Sohna (Haryana), July 28 (Inditop.com) The season’s first good shower came too late for Mohan Singh’s rice nursery where the saplings are dead. His bajra crop is ruined too, as his pump could not raise water from the falling aquifer below his farm. He hopes his sugarcane patch will revive now.
Monday’s shower marginally reduced the 55 percent monsoon rainfall deficit in Haryana’s Gurgaon district where this village is located, but it will not be enough to get Mohan and his neighbours out of debt.
“I can do nothing for the rice any more,” Mohan told IANS while he worked feverishly to chop out small channels so that as much of the rainwater would get to his sugarcane patch as possible.
“It’s been more than 40 days since the rice saplings were planted; so even if some of them are alive, they are too big to be transplanted to the main farm,” Mohan explained. “It’s a complete loss.”

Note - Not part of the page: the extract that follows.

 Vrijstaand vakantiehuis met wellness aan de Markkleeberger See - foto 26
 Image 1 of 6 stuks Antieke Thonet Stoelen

So is his bajra patch as the coarse grain does need water throughout its growth cycle though it does not need a lot of it.
“I could have grown my bajra even with this low rainfall if I had been able to irrigate my patch a little,” Mohan rued. “But the water table fell below the point from which I could raise water with my pump.
“I’m already in debt this year. I could not borrow more to dig a deeper bore. The water just vanished. It must be due to the water these huge pumps are taking away for the new houses here.”
Sohna village is now almost on the border of new realty developments that have spread from Gurgaon, the town adjacent to the Indian capital. In the absence of water supply from the municipal authorities, real estate developers have been forced to sink deep tubewells and powerful pumps for residents. The result is an overall fall in the area’s water table.
Mohan’s neighbours who do have deeper borewells and pumps attached to them said it did not help. “There was no electricity most of the time, so we could not run the pumps,” said Narain Singh.
“The (real estate) developers have huge generators, so they can run their pumps all the time. We’ll not be able to repay our loans this year. There’s nothing we can do. God knows how we’ll feed our families.”